Recorded information —
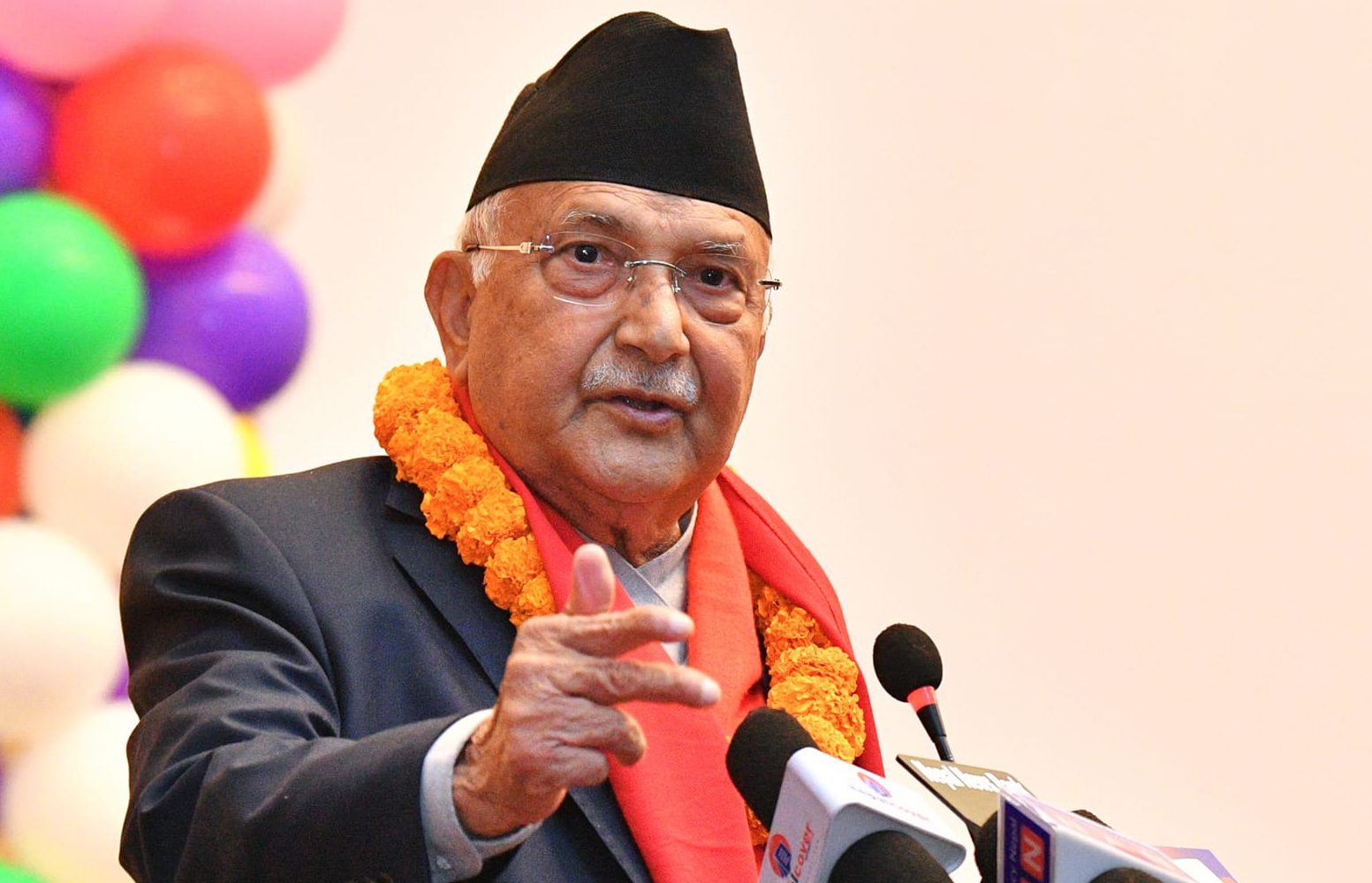 संसदमा एकसिट पनि नभएका व्यक्तिहरु प्रधानमन्त्री बन्छु भन्दै हिड्छन् : अध्यक्ष ओली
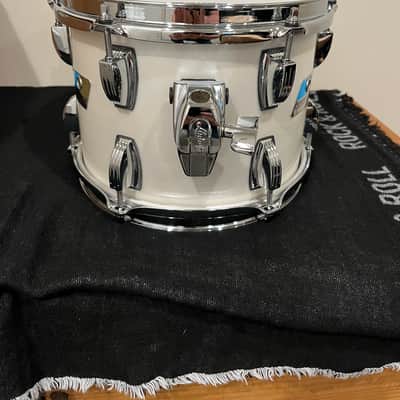 Ludwig Legacy Maple 7.5x10 Tom in Gorgeous Silver Silk! New Condition! image 2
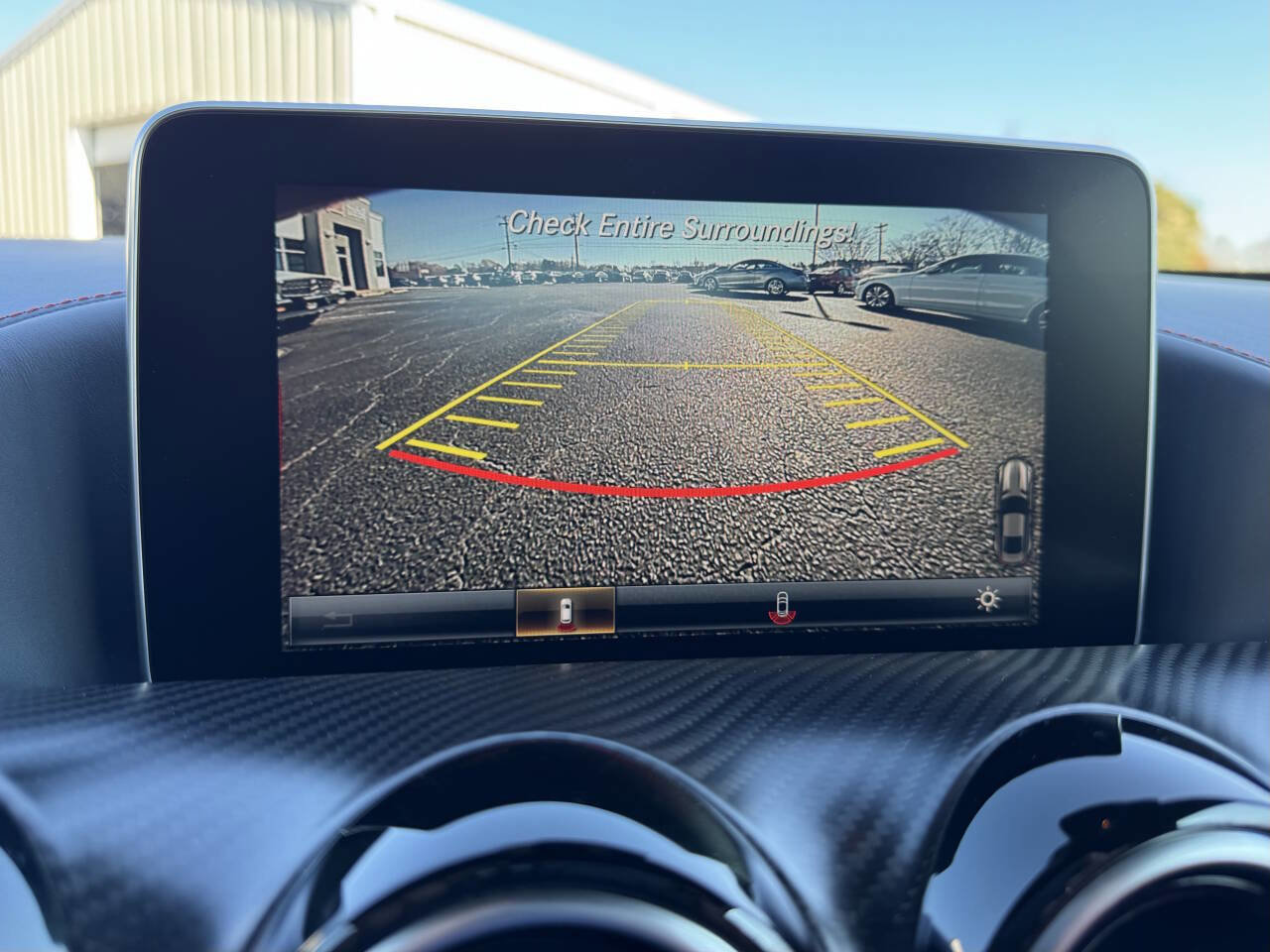 Used 2018 Mercedes-Benz AMG GT Roadster image 19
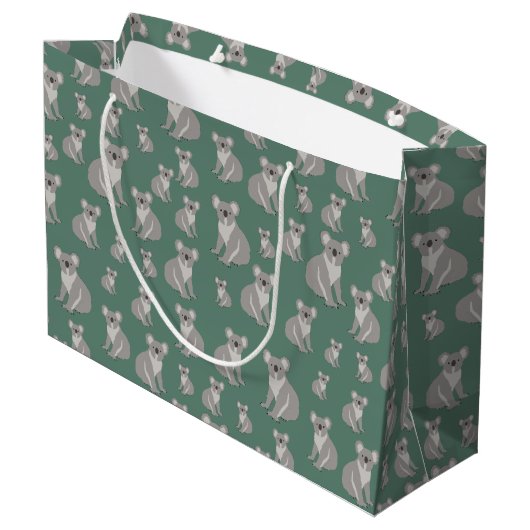 Cute Koala Eucalyptus Green Pattern Groot Cadeauzakje (Achterkant Gekanteld)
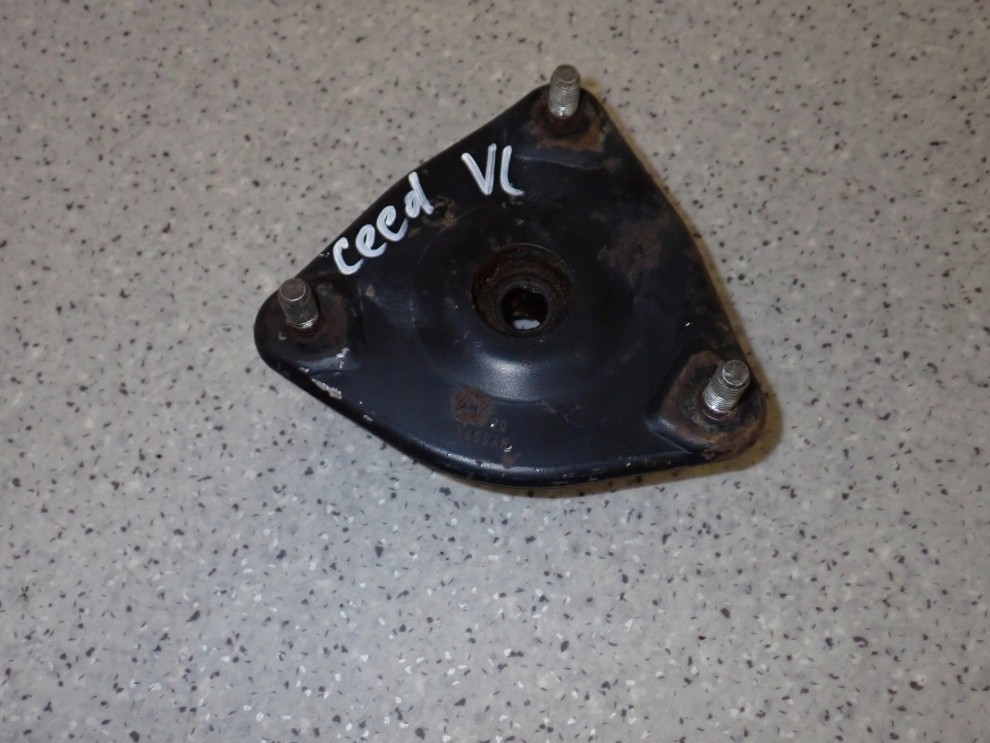 KIA CEED 06-12 MOCOWANIE GÓRNE AMORTYZATORA CZAPKA MCPHERSONA PRZÓD 10/11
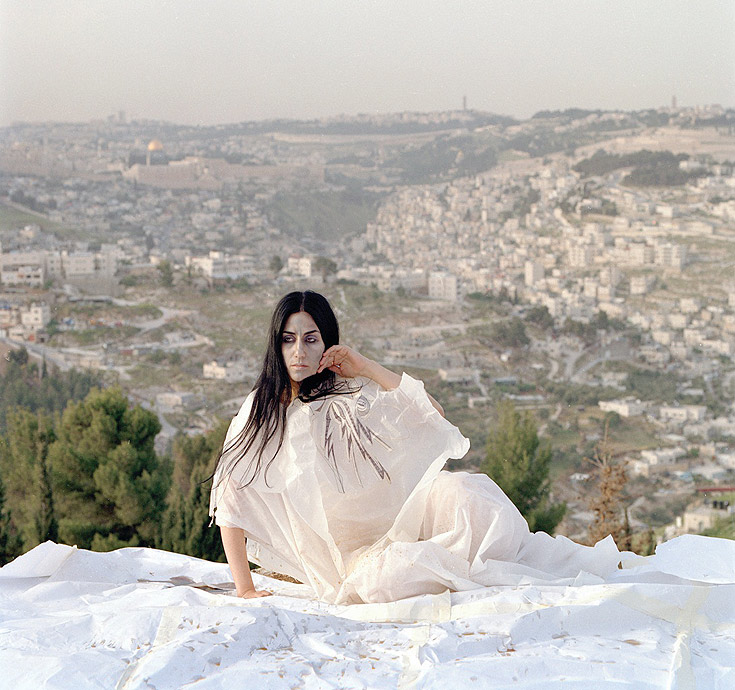 ג'וזף דדון, ''ציון''. רונית אלקבץ מחליפה שמלות רונית אלקבץ שמ לה שמלה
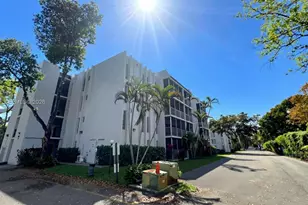 483 N Pine Island Rd, Plantation, FL 33324 - Photo 3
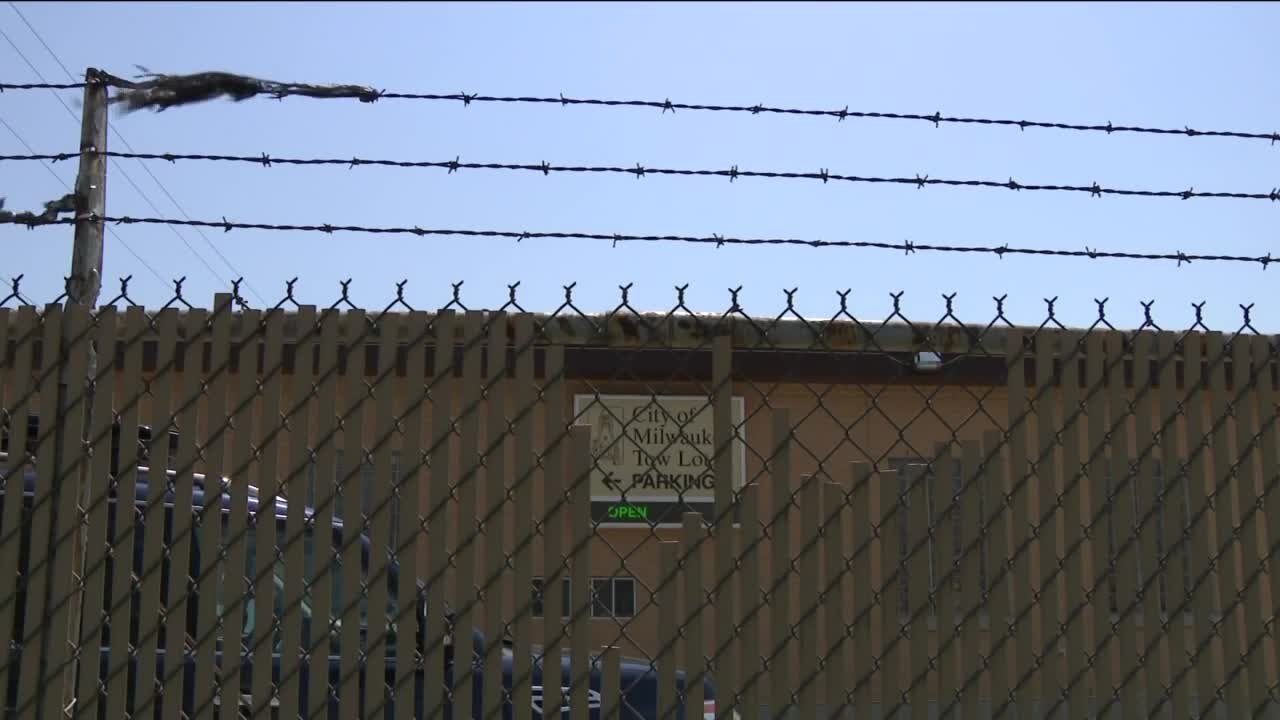 Milwaukee committee passes tow, impound ordinance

Work instruction — An exact copy is needed of only the lines from the top of the material through the line with "483 N Pine Island"; no pictures belong in it.

Answer —
 संसदमा एकसिट पनि नभएका व्यक्तिहरु प्रधानमन्त्री बन्छु भन्दै हिड्छन् : अध्यक्ष ओली
 Ludwig Legacy Maple 7.5x10 Tom in Gorgeous Silver Silk! New Condition! image 2
 Used 2018 Mercedes-Benz AMG GT Roadster image 19
 Cute Koala Eucalyptus Green Pattern Groot Cadeauzakje (Achterkant Gekanteld)
 KIA CEED 06-12 MOCOWANIE GÓRNE AMORTYZATORA CZAPKA MCPHERSONA PRZÓD 10/11
 ג'וזף דדון, ''ציון''. רונית אלקבץ מחליפה שמלות רונית אלקבץ שמ לה שמלה
 483 N Pine Island Rd, Plantation, FL 33324 - Photo 3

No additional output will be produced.